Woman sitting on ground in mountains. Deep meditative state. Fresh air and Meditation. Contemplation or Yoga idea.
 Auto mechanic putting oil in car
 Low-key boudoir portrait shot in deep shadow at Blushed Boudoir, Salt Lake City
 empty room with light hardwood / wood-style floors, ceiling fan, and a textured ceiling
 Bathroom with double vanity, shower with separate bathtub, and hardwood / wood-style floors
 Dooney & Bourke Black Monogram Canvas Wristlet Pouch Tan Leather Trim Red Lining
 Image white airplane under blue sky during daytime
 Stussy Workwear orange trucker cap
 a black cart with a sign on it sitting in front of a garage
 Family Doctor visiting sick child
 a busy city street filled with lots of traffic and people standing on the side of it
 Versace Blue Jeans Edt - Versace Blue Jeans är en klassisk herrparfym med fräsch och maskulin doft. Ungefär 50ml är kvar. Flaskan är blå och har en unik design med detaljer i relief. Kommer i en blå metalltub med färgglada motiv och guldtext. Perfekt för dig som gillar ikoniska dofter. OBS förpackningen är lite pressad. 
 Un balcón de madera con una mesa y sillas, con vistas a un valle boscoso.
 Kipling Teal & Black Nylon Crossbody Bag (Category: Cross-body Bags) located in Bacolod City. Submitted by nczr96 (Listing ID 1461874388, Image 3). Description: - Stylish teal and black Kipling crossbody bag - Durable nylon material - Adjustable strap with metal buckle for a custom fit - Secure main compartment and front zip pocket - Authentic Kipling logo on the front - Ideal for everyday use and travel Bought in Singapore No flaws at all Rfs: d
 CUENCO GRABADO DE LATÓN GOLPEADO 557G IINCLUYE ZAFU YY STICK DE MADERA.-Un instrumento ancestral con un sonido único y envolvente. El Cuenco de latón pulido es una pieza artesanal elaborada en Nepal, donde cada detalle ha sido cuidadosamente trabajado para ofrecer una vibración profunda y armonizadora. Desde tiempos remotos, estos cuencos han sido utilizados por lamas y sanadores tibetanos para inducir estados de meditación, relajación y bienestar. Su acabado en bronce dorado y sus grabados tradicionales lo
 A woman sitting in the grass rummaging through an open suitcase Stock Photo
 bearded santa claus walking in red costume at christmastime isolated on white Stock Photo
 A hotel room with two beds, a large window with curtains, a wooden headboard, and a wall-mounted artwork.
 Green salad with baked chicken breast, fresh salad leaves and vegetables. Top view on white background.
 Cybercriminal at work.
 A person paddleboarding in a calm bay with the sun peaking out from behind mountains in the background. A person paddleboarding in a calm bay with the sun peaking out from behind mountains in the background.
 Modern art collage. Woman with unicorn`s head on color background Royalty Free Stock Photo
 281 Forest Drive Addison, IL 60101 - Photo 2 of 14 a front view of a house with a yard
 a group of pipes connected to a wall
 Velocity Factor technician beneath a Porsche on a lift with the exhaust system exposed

| YOUR OBJECTIVE |
Return the records in full, exactly as they read.

| RESULT FOR THIS TASK |
Woman sitting on ground in mountains. Deep meditative state. Fresh air and Meditation. Contemplation or Yoga idea.
 Auto mechanic putting oil in car
 Low-key boudoir portrait shot in deep shadow at Blushed Boudoir, Salt Lake City
 empty room with light hardwood / wood-style floors, ceiling fan, and a textured ceiling
 Bathroom with double vanity, shower with separate bathtub, and hardwood / wood-style floors
 Dooney & Bourke Black Monogram Canvas Wristlet Pouch Tan Leather Trim Red Lining
 Image white airplane under blue sky during daytime
 Stussy Workwear orange trucker cap
 a black cart with a sign on it sitting in front of a garage
 Family Doctor visiting sick child
 a busy city street filled with lots of traffic and people standing on the side of it
 Versace Blue Jeans Edt - Versace Blue Jeans är en klassisk herrparfym med fräsch och maskulin doft. Ungefär 50ml är kvar. Flaskan är blå och har en unik design med detaljer i relief. Kommer i en blå metalltub med färgglada motiv och guldtext. Perfekt för dig som gillar ikoniska dofter. OBS förpackningen är lite pressad. 
 Un balcón de madera con una mesa y sillas, con vistas a un valle boscoso.
 Kipling Teal & Black Nylon Crossbody Bag (Category: Cross-body Bags) located in Bacolod City. Submitted by nczr96 (Listing ID 1461874388, Image 3). Description: - Stylish teal and black Kipling crossbody bag - Durable nylon material - Adjustable strap with metal buckle for a custom fit - Secure main compartment and front zip pocket - Authentic Kipling logo on the front - Ideal for everyday use and travel Bought in Singapore No flaws at all Rfs: d
 CUENCO GRABADO DE LATÓN GOLPEADO 557G IINCLUYE ZAFU YY STICK DE MADERA.-Un instrumento ancestral con un sonido único y envolvente. El Cuenco de latón pulido es una pieza artesanal elaborada en Nepal, donde cada detalle ha sido cuidadosamente trabajado para ofrecer una vibración profunda y armonizadora. Desde tiempos remotos, estos cuencos han sido utilizados por lamas y sanadores tibetanos para inducir estados de meditación, relajación y bienestar. Su acabado en bronce dorado y sus grabados tradicionales lo
 A woman sitting in the grass rummaging through an open suitcase Stock Photo
 bearded santa claus walking in red costume at christmastime isolated on white Stock Photo
 A hotel room with two beds, a large window with curtains, a wooden headboard, and a wall-mounted artwork.
 Green salad with baked chicken breast, fresh salad leaves and vegetables. Top view on white background.
 Cybercriminal at work.
 A person paddleboarding in a calm bay with the sun peaking out from behind mountains in the background. A person paddleboarding in a calm bay with the sun peaking out from behind mountains in the background.
 Modern art collage. Woman with unicorn`s head on color background Royalty Free Stock Photo
 281 Forest Drive Addison, IL 60101 - Photo 2 of 14 a front view of a house with a yard
 a group of pipes connected to a wall
 Velocity Factor technician beneath a Porsche on a lift with the exhaust system exposed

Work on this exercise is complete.